Beware state-based actors looking to kick down digital doors

The digital environment has created a new front for espionage, and foreign jurisdictions have been busy trying to kick down the digital doors of Australian government institutions, private businesses and universities.
Cybersecurity threats from state-based actors are at the forefront of security agencies’ activities. They also surface in public statements from political leaders, who warn corporations and other institutions to improve their security or they could find some clever digital pickpockets taking a look at secrets.
A prominent series of attacks received media attention in June 2020 when prime minister Scott Morrison noted a spate of coordinated and sustained attacks on government and corporate systems by a sophisticated state actor.
“Based on advice provided to the government by our cyber experts, the Australian Cyber Security Centre (ACSC), Australian organisations are currently being targeted by a sophisticated state-based cyber actor,” the prime minister said. “This activity is targeting Australian organisations across a range of sectors, including all levels of government, industry, political organisations, education, health, essential service providers and operators of other critical infrastructure.”
Cyberattacks are commonly understood to be how countries might seek to gain leverage over other jurisdictions. Professor John Blaxland from the Australian National University says it highlights the danger of governments, universities, companies and individuals becoming more web-dependent and vulnerable.
Blaxland says the old techniques of interference or subversion used by countries to spy on others during the analogue era of the Cold War had been super-enabled by the internet and digital technology. “The field of opportunities has just grown exponentially for malevolent actors to behave in a way that is inimical with the interests of individuals, of public entities, of corporations, and of small, medium and large enterprises, and of nations,” Blaxland says.
We also need to adopt a more nuanced term than ‘Cold War’ in the current context, he says. A better way of looking at the current global climate is understanding how countries cooperate, compete, participate in contestation, coerce and conflict.
“We cooperate on a range of issues internationally with China and Russia and other countries with whom we’re in conflict in some respects,” Blaxland says. “We cooperate on internet protocols, international communication standards, procedures and protocols.”
He says there are many areas in which countries compete, contest territory, coerce other nations and engage in conflict. Each factor needs to be carefully thought about rather than assessed through past simplistic narratives. “There is limited utility in harking back to the Cold War model when we’re thinking about problem-solving for the present and the future, particularly in the digital domain,” he says.
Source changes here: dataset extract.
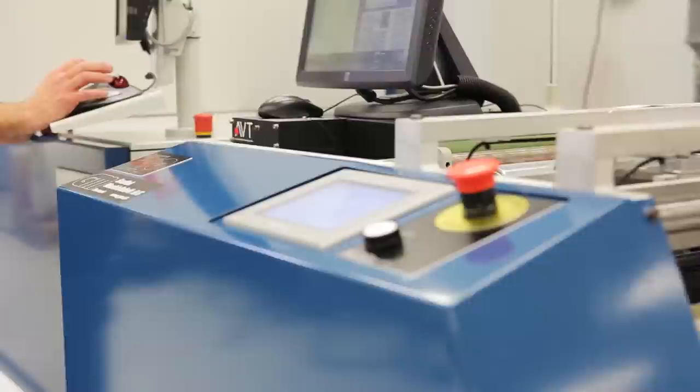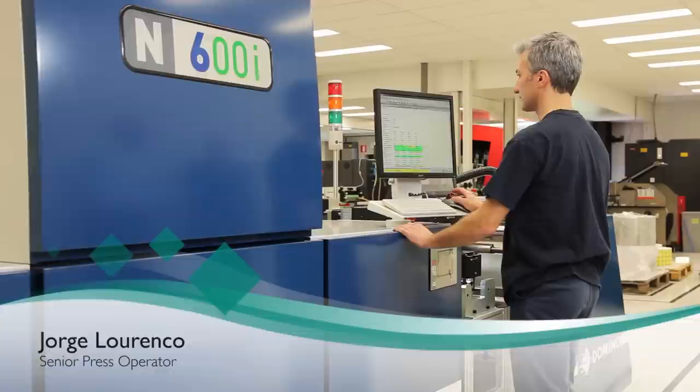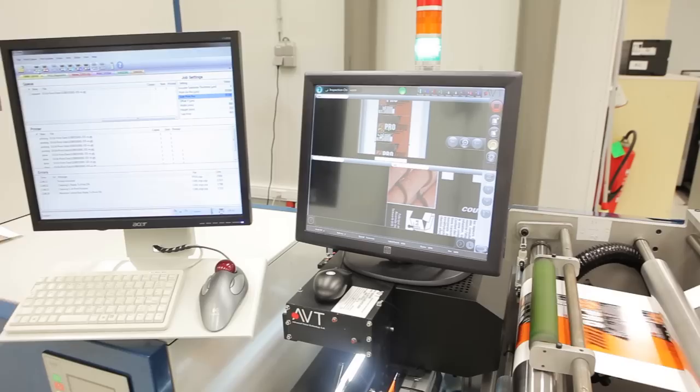I'm George. I've been working for Rinders for 18 years and I have experience running different presses. And now I'm on the Domino N600i.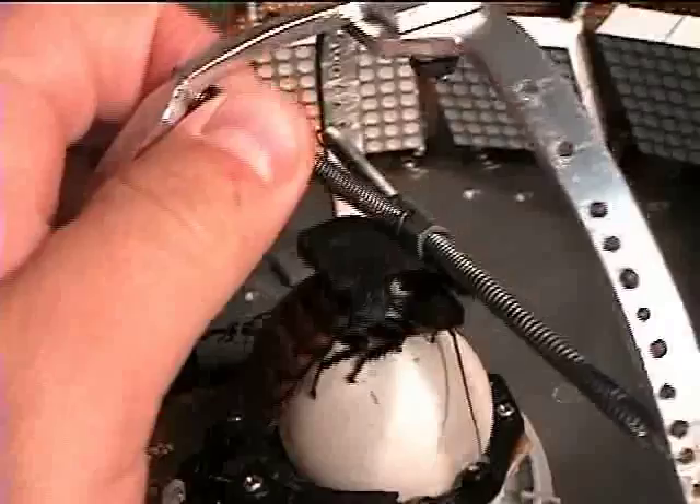The insect is placed on top of a modified computer trackball with an adjustable harness that helps the insect stay on top of the ball.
Using social media to influence and attack
Attempts by state-based actors to pick digital locks and enter national government infrastructure and corporate systems are one way to disrupt another jurisdiction. A more visible approach is the way certain countries use web-based platforms to launch political attacks.
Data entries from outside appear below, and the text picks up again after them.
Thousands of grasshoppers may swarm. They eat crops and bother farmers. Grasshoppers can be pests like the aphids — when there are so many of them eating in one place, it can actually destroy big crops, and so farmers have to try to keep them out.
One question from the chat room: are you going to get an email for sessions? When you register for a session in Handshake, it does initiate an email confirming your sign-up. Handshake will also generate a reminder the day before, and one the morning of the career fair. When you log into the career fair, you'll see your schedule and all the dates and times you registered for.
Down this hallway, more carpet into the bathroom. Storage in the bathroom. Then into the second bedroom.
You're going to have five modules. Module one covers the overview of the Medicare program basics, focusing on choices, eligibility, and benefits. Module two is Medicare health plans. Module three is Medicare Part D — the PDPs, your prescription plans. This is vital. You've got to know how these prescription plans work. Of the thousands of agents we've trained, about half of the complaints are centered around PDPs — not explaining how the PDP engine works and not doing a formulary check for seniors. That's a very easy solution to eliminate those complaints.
The Oxford Internet Institute has looked at the overt way China uses online platforms to attack countries as a part of its ‘wolf warrior’ approach to international affairs. It reviewed Twitter and Facebook posts published between June 2020 and February 2021 and found Chinese diplomats tweeted 201,382 times over nine months – an average of 778 tweets each day.
Tweets from this diplomatic cohort received almost 7 million likes, a million comments and approximately 1.3 million retweets. Chinese diplomats posted 34,041 times on Facebook during the same period.
Ten state-controlled media outlets were also monitored for this study, and they managed about 176 accounts on Twitter and Facebook.
Researchers also found that accounts used by Chinese diplomats or state-controlled media aren’t labelled consistently. “Many social networking firms have introduced transparency labelling for foreign government officials and state-controlled media organisations. Yet, we find that these labels are used inconsistently,” the report says. “For example, on Twitter, only 14% of PRC diplomat Twitter accounts are labelled as government-affiliated.”
More than one in 10 retweets of Twitter posts by Chinese diplomats were carried out by accounts that were later suspended, the researchers found.
US-based think tank RAND Corporation published a report in July 2021 that outlined the tactics used by China to develop its use of disinformation on social media for military purposes. Key recommendations include raising awareness of how countries such as China use social media disinformation and for the US Air Force to incorporate adversary social media disinformation in wargaming.
There are circumstances where foreign countries seek to insert themselves into domestic debates. An example is the intervention of China and Russia in the QAnon conspiracy discourse in the US.
A study published in April 2021 by The Soufan Center and content analysis firm Limbik found that China, Russia, Saudi Arabia and Iran sought to participate in internal American debates as a way of widening the rifts between different political and social movements. There were 166,820 Facebook posts analysed as a part of this study, and an average of 19% of the posts originated from jurisdictions other than the US.
Russia is usually considered the most likely state actor to use online tools to stoke disquiet in other jurisdictions. Analysis of posts from 2020 showed Russia accounted for 44% of posts from a foreign player while 42% were traced to China. Iran pushed out 13 per cent of those posts traced to foreign parties and 1% came from Saudi Arabia. The Soufan-Limbik team gathered evidence that showed China had begun to gain ground and was more prolific than Russia in the latter part of 2020.
The Soufan Center recommended that the social media platforms review their de-platforming policies, given the evidence that state-based actors are more involved in seeking to influence the political climate in other countries.